ACTION ITEM ▸ Copy the lines below, beginning with the one that contains "Отель Qc Porta Romana 4*" and continuing through the final line, exactly as written and with no other lines.
Segment Open
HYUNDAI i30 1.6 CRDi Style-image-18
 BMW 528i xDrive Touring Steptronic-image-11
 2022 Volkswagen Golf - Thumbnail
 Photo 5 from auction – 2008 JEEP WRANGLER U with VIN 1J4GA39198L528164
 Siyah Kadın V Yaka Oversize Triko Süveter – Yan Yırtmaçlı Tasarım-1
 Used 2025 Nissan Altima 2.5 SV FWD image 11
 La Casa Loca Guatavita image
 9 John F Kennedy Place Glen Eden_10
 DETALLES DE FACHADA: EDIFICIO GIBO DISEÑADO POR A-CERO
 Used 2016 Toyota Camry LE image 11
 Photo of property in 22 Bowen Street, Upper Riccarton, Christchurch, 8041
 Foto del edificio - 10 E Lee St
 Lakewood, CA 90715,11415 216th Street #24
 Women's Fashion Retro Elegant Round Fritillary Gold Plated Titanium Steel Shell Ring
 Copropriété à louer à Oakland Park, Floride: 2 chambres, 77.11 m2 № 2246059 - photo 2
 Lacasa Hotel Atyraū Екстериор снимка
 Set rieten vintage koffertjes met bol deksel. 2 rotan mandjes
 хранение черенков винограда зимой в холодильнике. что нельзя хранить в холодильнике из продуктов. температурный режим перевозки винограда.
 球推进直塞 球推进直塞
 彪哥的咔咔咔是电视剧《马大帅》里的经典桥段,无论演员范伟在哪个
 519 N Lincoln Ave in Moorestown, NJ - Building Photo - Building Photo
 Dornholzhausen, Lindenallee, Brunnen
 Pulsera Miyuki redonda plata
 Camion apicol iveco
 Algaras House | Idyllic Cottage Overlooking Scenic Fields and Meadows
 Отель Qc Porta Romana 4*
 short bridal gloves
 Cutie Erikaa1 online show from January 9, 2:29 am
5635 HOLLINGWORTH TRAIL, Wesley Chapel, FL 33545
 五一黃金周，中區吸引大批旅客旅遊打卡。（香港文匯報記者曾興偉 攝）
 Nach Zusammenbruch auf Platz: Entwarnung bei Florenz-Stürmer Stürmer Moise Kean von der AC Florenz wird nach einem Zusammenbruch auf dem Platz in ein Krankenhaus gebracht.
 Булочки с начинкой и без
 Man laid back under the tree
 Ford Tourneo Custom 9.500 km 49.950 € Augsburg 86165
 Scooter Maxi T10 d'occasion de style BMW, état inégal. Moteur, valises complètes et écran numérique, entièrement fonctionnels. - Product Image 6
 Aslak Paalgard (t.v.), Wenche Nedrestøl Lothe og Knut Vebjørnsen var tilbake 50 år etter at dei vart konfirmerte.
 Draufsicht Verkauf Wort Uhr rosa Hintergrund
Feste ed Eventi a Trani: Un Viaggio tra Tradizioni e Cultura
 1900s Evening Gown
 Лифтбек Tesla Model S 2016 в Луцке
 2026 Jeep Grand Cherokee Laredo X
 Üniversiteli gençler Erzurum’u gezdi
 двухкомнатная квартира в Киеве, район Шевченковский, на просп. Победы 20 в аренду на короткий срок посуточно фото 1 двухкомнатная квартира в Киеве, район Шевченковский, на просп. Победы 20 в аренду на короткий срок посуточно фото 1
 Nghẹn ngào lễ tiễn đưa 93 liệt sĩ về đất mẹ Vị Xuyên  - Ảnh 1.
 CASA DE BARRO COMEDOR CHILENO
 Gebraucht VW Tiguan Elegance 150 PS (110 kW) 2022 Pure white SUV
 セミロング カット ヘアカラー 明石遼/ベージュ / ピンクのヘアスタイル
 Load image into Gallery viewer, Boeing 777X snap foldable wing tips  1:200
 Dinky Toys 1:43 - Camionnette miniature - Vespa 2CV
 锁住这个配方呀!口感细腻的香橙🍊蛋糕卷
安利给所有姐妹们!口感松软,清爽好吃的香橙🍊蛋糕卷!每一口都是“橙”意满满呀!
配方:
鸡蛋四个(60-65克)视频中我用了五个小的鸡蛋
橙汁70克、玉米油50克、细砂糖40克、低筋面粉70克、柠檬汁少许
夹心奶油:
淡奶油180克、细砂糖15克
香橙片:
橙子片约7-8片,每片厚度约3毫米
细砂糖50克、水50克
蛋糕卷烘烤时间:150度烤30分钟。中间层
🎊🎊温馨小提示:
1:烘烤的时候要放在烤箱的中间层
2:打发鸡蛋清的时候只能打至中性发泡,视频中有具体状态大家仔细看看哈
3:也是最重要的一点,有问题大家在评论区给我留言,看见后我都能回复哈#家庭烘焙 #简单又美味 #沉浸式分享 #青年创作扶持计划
Segment Closed
YOUR SOLUTION ▸
 Отель Qc Porta Romana 4*
 short bridal gloves
 Cutie Erikaa1 online show from January 9, 2:29 am
5635 HOLLINGWORTH TRAIL, Wesley Chapel, FL 33545
 五一黃金周，中區吸引大批旅客旅遊打卡。（香港文匯報記者曾興偉 攝）
 Nach Zusammenbruch auf Platz: Entwarnung bei Florenz-Stürmer Stürmer Moise Kean von der AC Florenz wird nach einem Zusammenbruch auf dem Platz in ein Krankenhaus gebracht.
 Булочки с начинкой и без
 Man laid back under the tree
 Ford Tourneo Custom 9.500 km 49.950 € Augsburg 86165
 Scooter Maxi T10 d'occasion de style BMW, état inégal. Moteur, valises complètes et écran numérique, entièrement fonctionnels. - Product Image 6
 Aslak Paalgard (t.v.), Wenche Nedrestøl Lothe og Knut Vebjørnsen var tilbake 50 år etter at dei vart konfirmerte.
 Draufsicht Verkauf Wort Uhr rosa Hintergrund
Feste ed Eventi a Trani: Un Viaggio tra Tradizioni e Cultura
 1900s Evening Gown
 Лифтбек Tesla Model S 2016 в Луцке
 2026 Jeep Grand Cherokee Laredo X
 Üniversiteli gençler Erzurum’u gezdi
 двухкомнатная квартира в Киеве, район Шевченковский, на просп. Победы 20 в аренду на короткий срок посуточно фото 1 двухкомнатная квартира в Киеве, район Шевченковский, на просп. Победы 20 в аренду на короткий срок посуточно фото 1
 Nghẹn ngào lễ tiễn đưa 93 liệt sĩ về đất mẹ Vị Xuyên  - Ảnh 1.
 CASA DE BARRO COMEDOR CHILENO
 Gebraucht VW Tiguan Elegance 150 PS (110 kW) 2022 Pure white SUV
 セミロング カット ヘアカラー 明石遼/ベージュ / ピンクのヘアスタイル
 Load image into Gallery viewer, Boeing 777X snap foldable wing tips  1:200
 Dinky Toys 1:43 - Camionnette miniature - Vespa 2CV
 锁住这个配方呀!口感细腻的香橙🍊蛋糕卷
安利给所有姐妹们!口感松软,清爽好吃的香橙🍊蛋糕卷!每一口都是“橙”意满满呀!
配方:
鸡蛋四个(60-65克)视频中我用了五个小的鸡蛋
橙汁70克、玉米油50克、细砂糖40克、低筋面粉70克、柠檬汁少许
夹心奶油:
淡奶油180克、细砂糖15克
香橙片:
橙子片约7-8片,每片厚度约3毫米
细砂糖50克、水50克
蛋糕卷烘烤时间:150度烤30分钟。中间层
🎊🎊温馨小提示:
1:烘烤的时候要放在烤箱的中间层
2:打发鸡蛋清的时候只能打至中性发泡,视频中有具体状态大家仔细看看哈
3:也是最重要的一点,有问题大家在评论区给我留言,看见后我都能回复哈#家庭烘焙 #简单又美味 #沉浸式分享 #青年创作扶持计划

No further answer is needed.